In October, the CEO said he expected revenue and profit to rise this year as the company opens at least 20 new stores, half of which will be in China. Last year’s sales will exceed the 870.6 million euros ($1.16 billion) generated in 2008, while 2010 profit will trail the 62.3 million euros earned in 2008, Zegna said at the time.

Cavalli will open its first standalone shop in Japan in Tokyo in May and its first boutique in China in Beijing in September or October, Brozzetti said. The fashion company will also double the size of its store on London’s Sloane Street, shuttering the unit as early as next month for renovations and reopening it in the summer, the CEO said.

“We are going to invest more because we are generating more resources,” said Brozzetti.

‘Similar Trend’

Cavalli Group, which includes the Just Cavalli line, returned to profit in the first half of 2010, helped by lower production costs and new outlets, the company said in September.
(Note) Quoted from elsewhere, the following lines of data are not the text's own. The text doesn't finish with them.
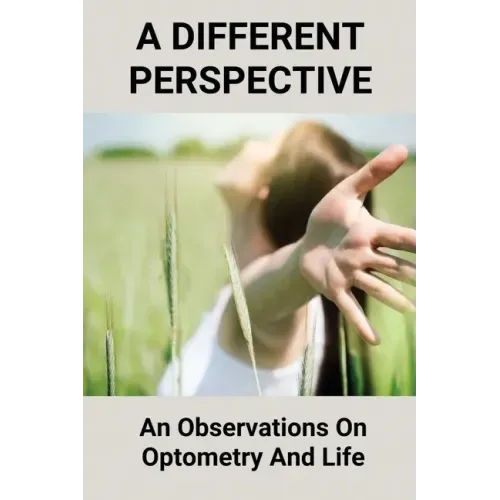 A Different Perspective: An Observations On Optometry And Life: Different Perspective Books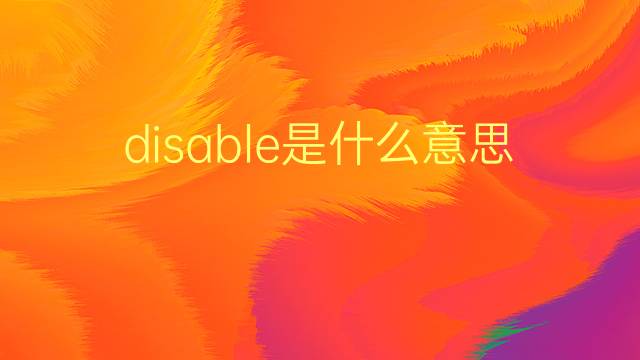 disable是什么意思 disable的翻译、读音、例句、中文解释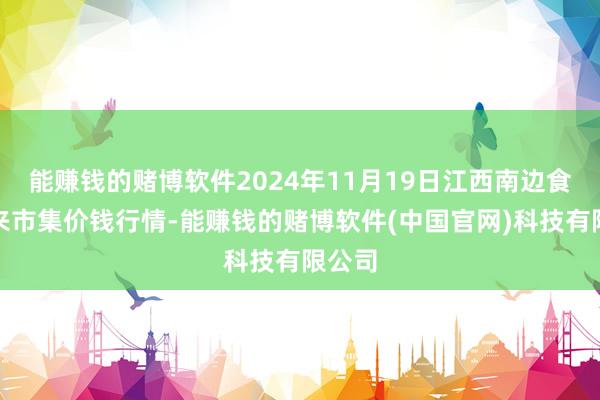 能赚钱的赌博软件2024年11月19日江西南边食粮往来市集价钱行情-能赚钱的赌博软件(中国官网)科技有限公司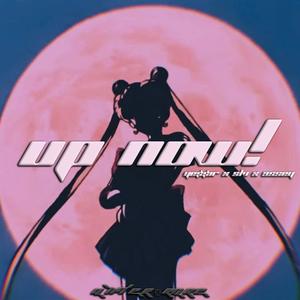 UP NOW! (feat. slv, 9ssey & Ye$$iR) (Explicit)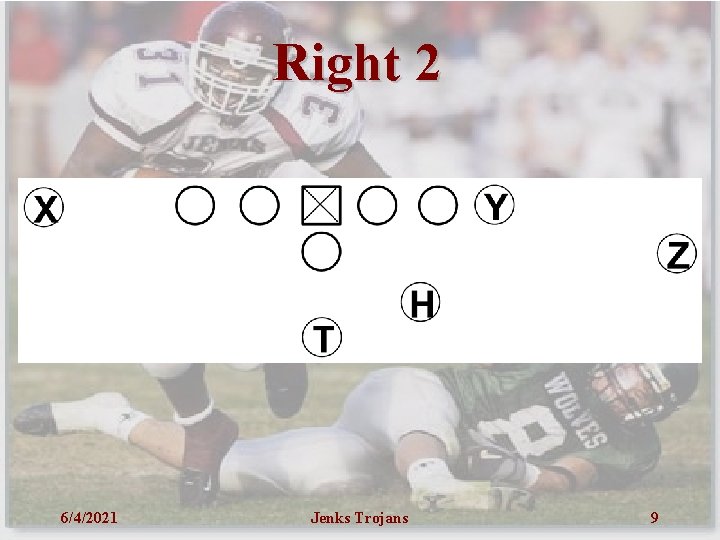 Right 2 6/4/2021 Jenks Trojans 9 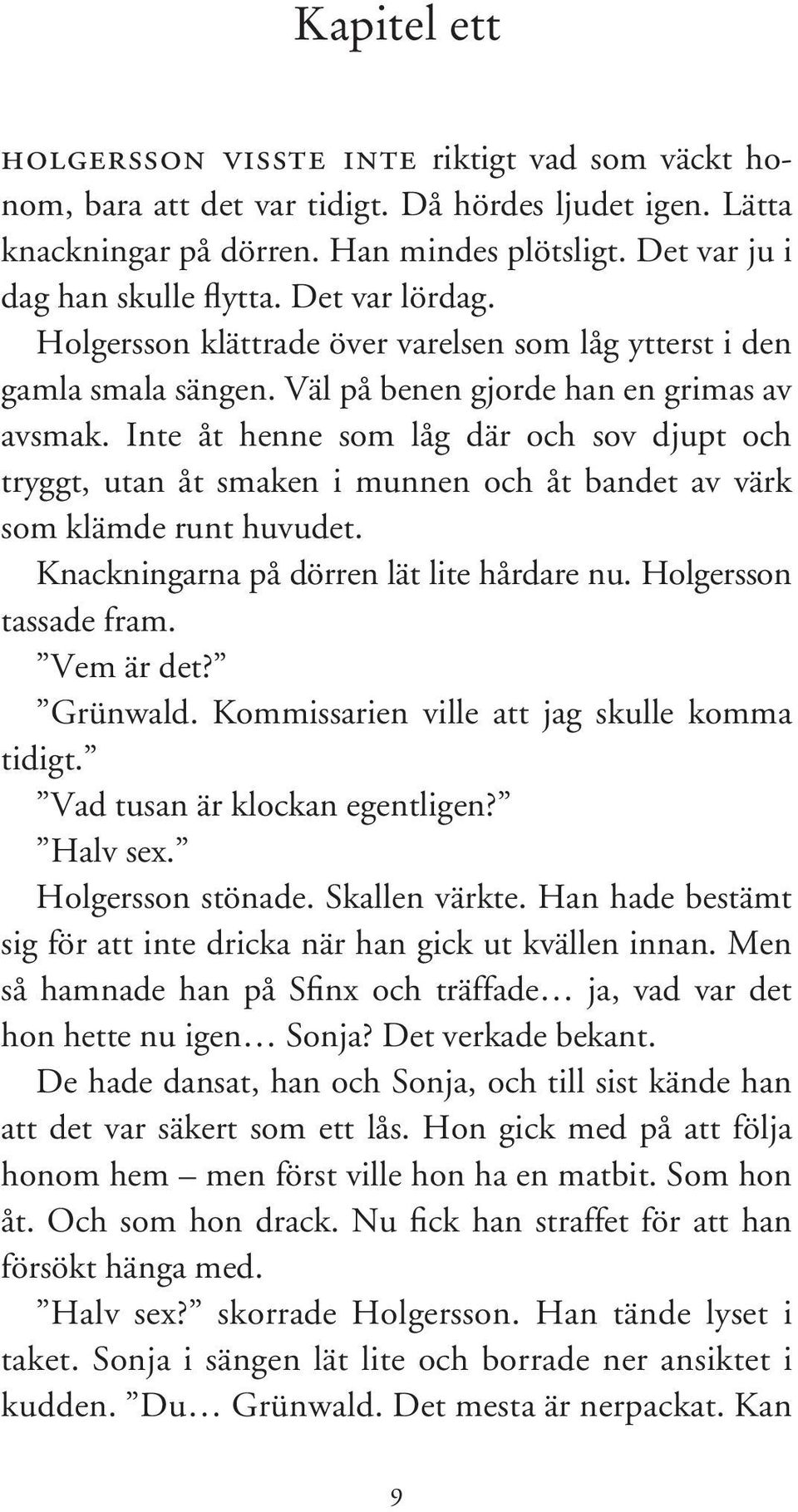 Inte åt henne som låg där och sov djupt och tryggt, utan åt smaken i munnen och åt bandet av värk som klämde runt huvudet. Knackningarna på dörren lät lite hårdare nu. Holgersson tassade fram.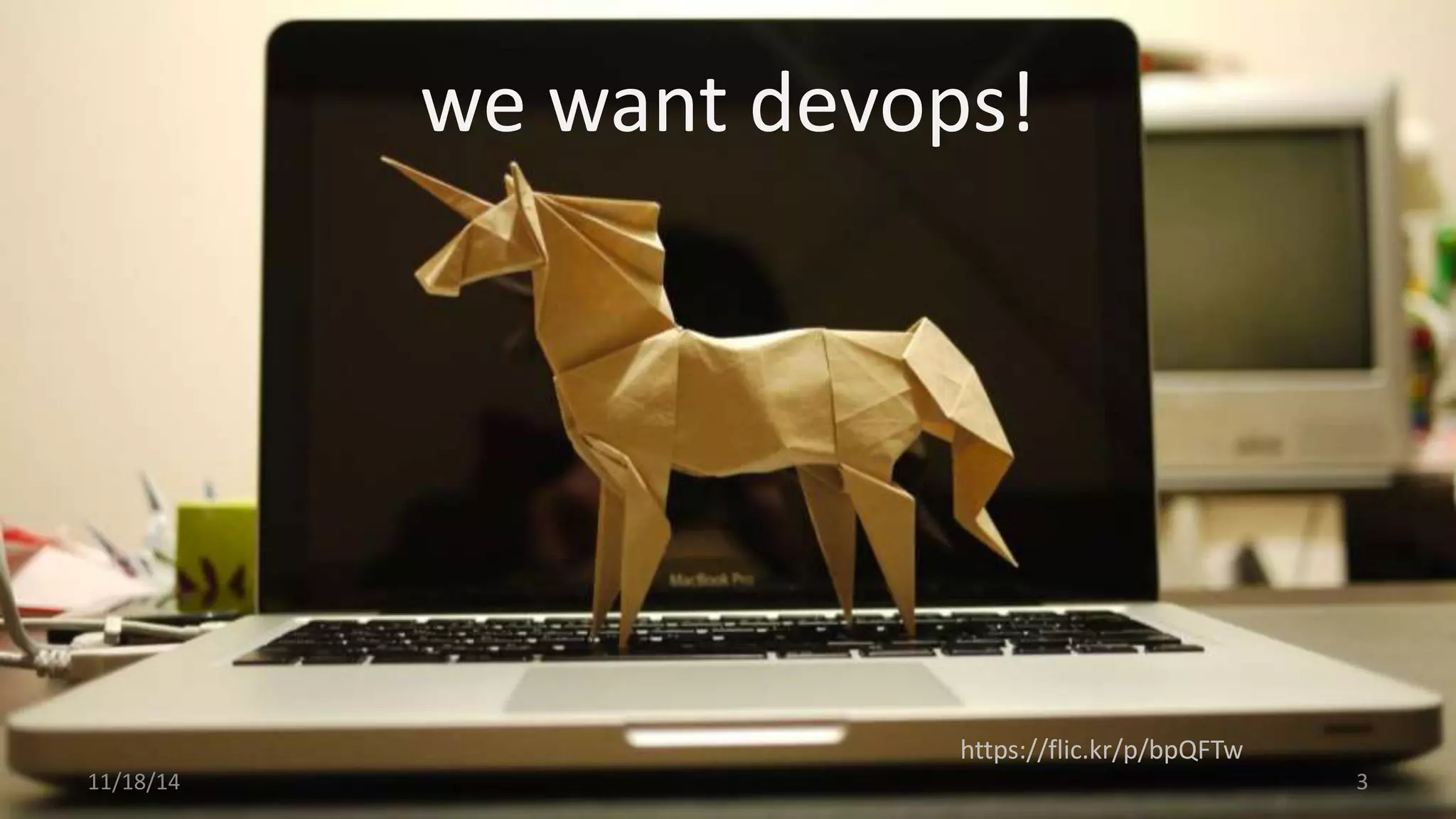 we want devops! 
https://flic.kr/p/bpQFTw 
11/18/14 3 
 
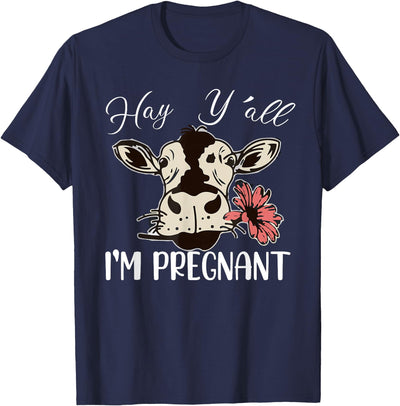 Hay All I'm Pregnant Pregnancy Announcement Cow Lover T-Shirt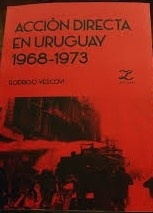 ACCION DIRECTA EN URUGUAY 1968-1973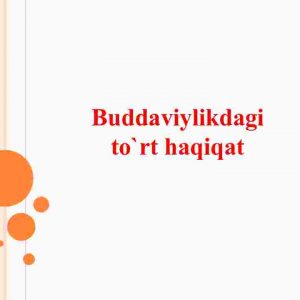 Buddaviylikdagi to'rt haqiqat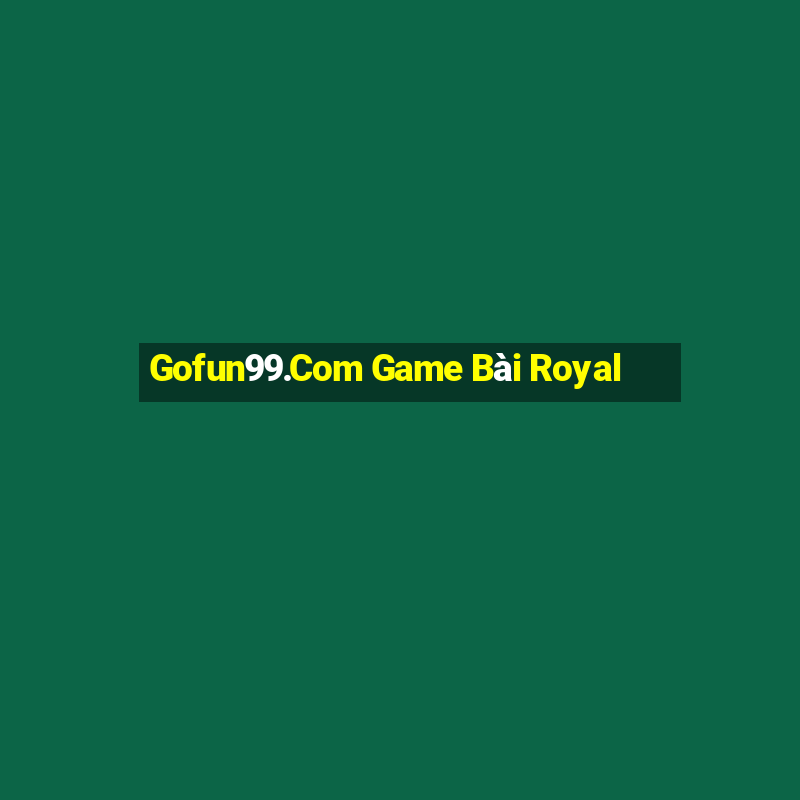 Gofun99.Com Game Bài Royal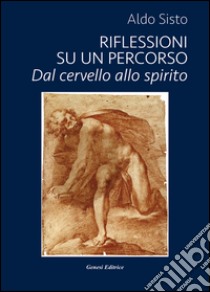 Riflessioni su un percorso. Dal cervello allo spirito libro di Sisto Aldo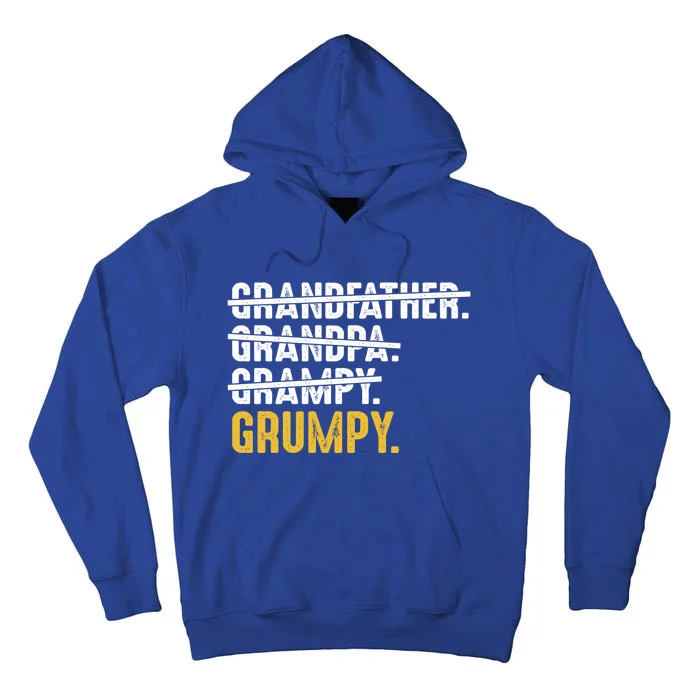 Grumpy FatherS Day Grandfather Grandpa Grampy Grumpy Meaningful Gift Tall Hoodie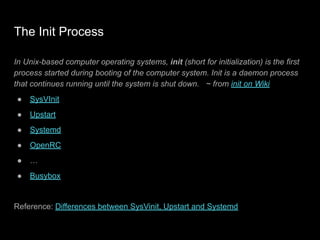 The Init Process
In Unix-based computer operating systems, init (short for initialization) is the first
process started during booting of the computer system. Init is a daemon process
that continues running until the system is shut down. ~ from init on Wiki
● SysVInit
● Upstart
● Systemd
● OpenRC
● …
● Busybox
Reference: Differences between SysVinit, Upstart and Systemd
 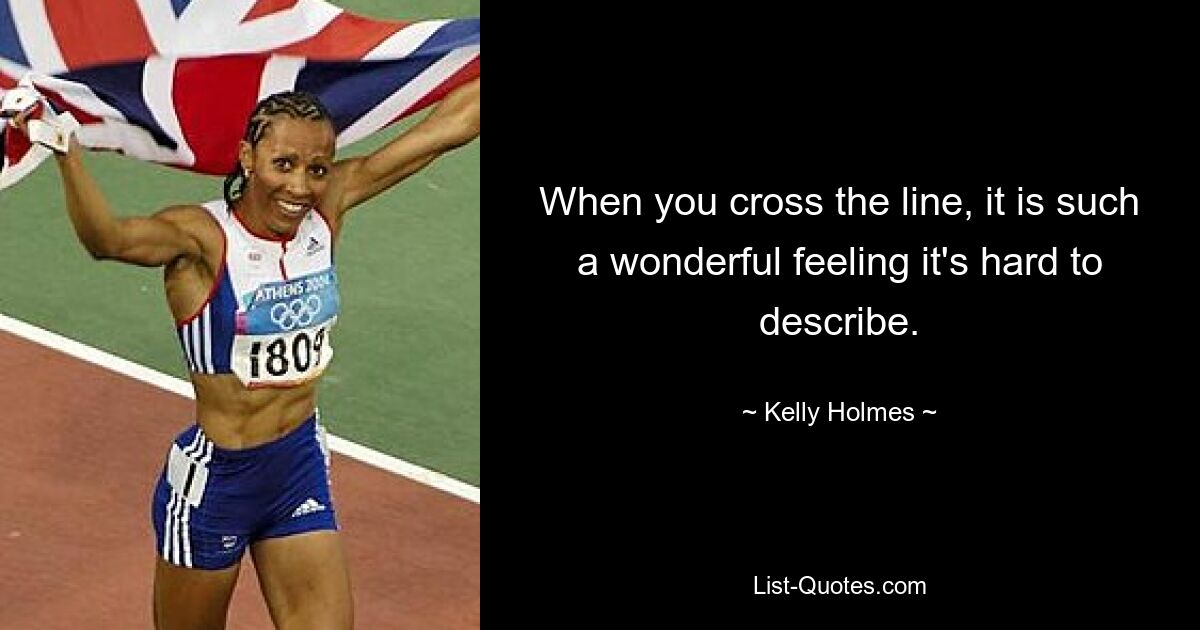 When you cross the line, it is such a wonderful feeling it's hard to describe. — © Kelly Holmes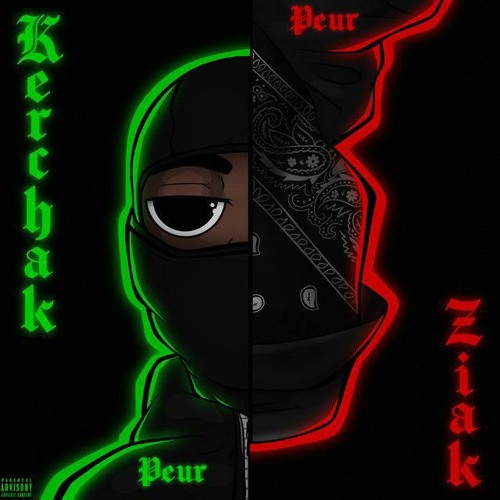 KERCHAK X ZIAK - PEUR (REMIX)
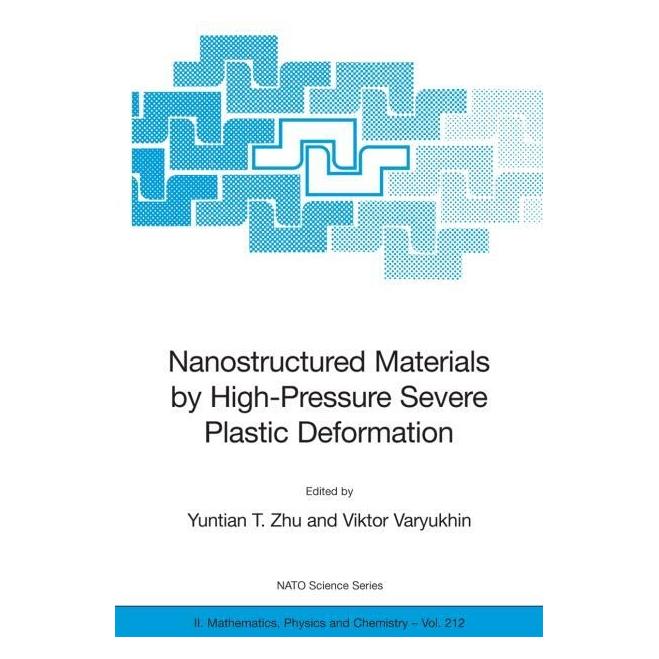 Springer Nanostructured Materials by High-Pressure Severe Plastic Deformation (Englisch, T Zhu, Yuntian Varyukhin) (61496416)
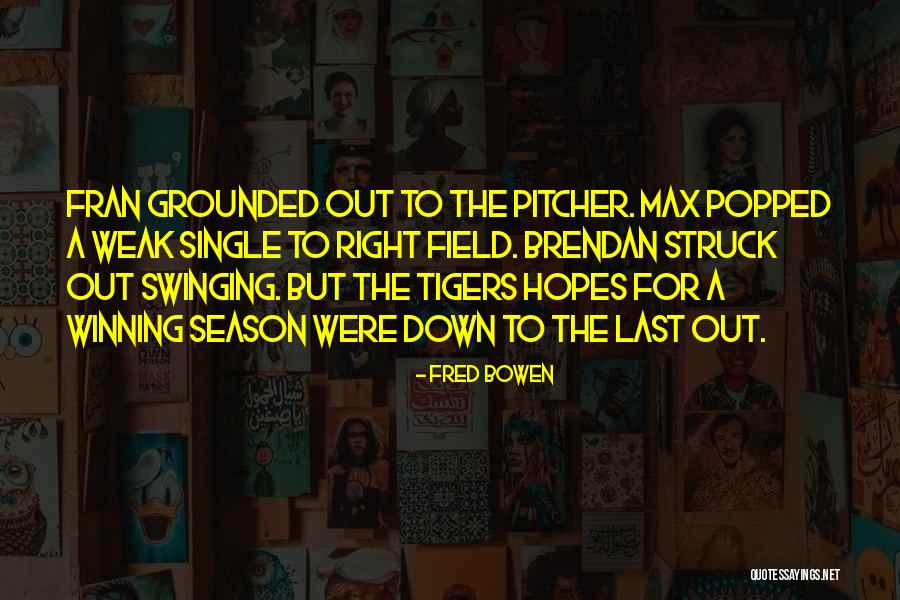 Fred Bowen Quotes 199245 Fred Bowen Quotes 199245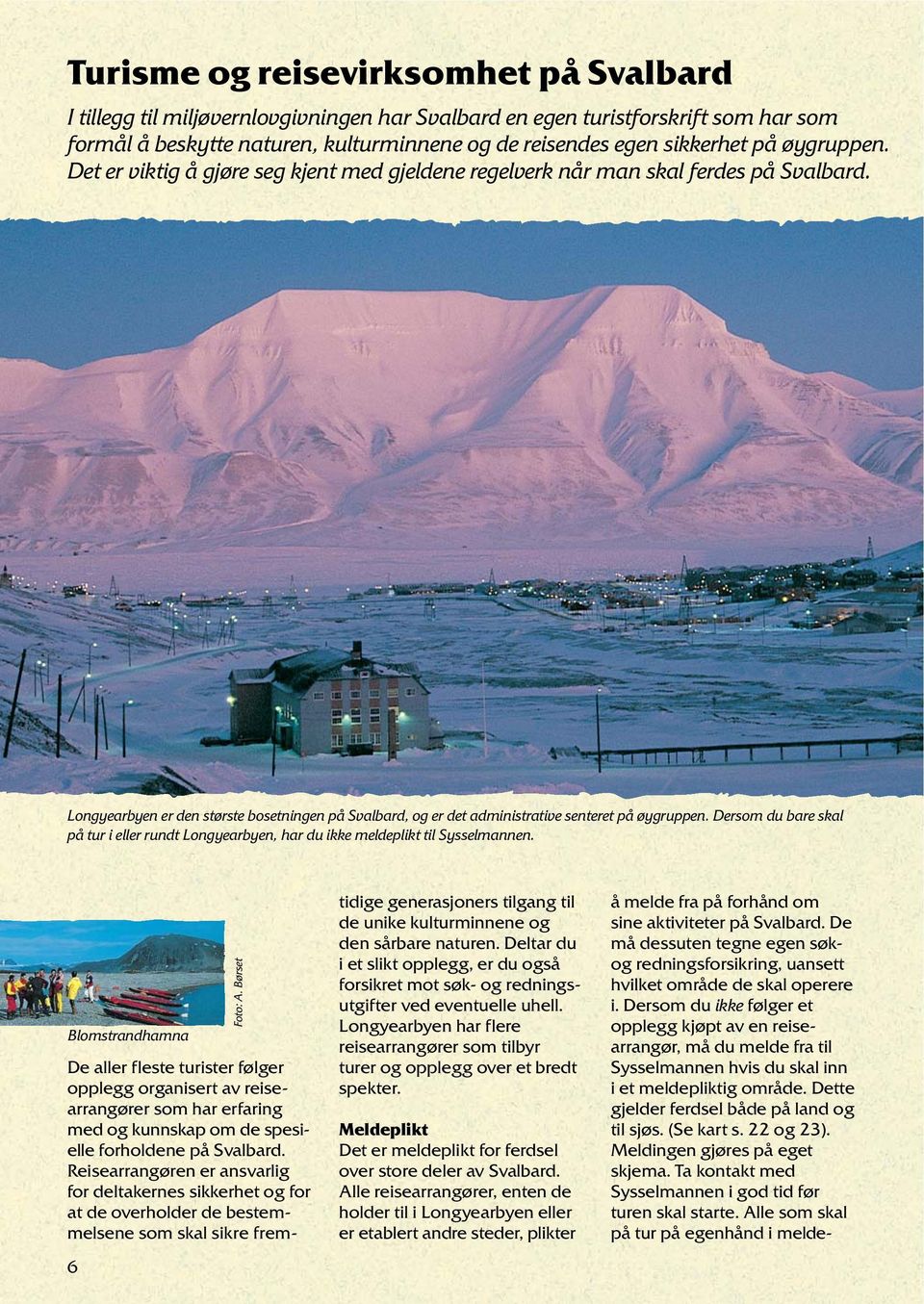 Dersom du bare skal på tur i eller rundt Longyearbyen, har du ikke meldeplikt til Sysselmannen. Blomstrandhamna 6 Foto: A.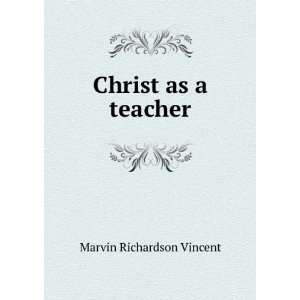  Christ as a teacher Marvin Richardson Vincent Books
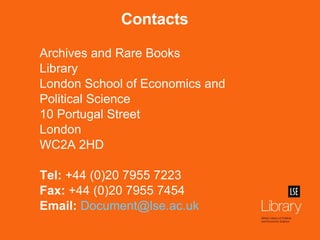 Contacts Archives and Rare Books Library London School of Economics and Political Science 10 Portugal Street London WC2A 2HD Tel:  +44 (0)20 7955 7223 Fax:  +44 (0)20 7955 7454 Email:   [email_address]   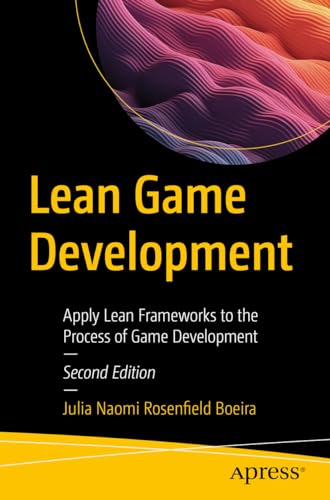 Lean Game Development: Apply Lean Frameworks to the Process of Game Development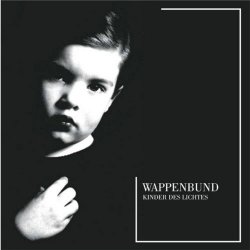 Wappenbund - Kinder Des Lichtes (2004)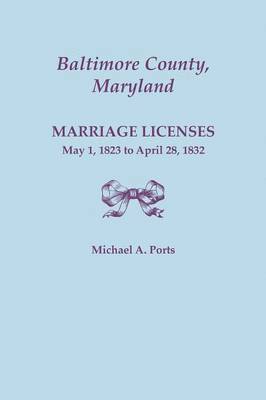 bokomslag Baltimore County, Maryland, Marriage Licenses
Excluding royalties, sales increased 4 percent.

The second half of 2010 showed “a similar trend,” Brozzetti said, citing an increase in direct sales and “a very encouraging result on the wholesale business.” He declined to provide figures.

Third-party orders for Cavalli’s spring-summer 2011 collection are “very positive” and “that is going to have an impact on the results of the first semester of 2011,” Brozzetti said. If wholesale orders for Cavalli’s fall-winter collection 2011, which the fashion house showed Jan. 15 in Milan, rise and retail keeps growing at the same pace, 2011 will be “promising,” he said.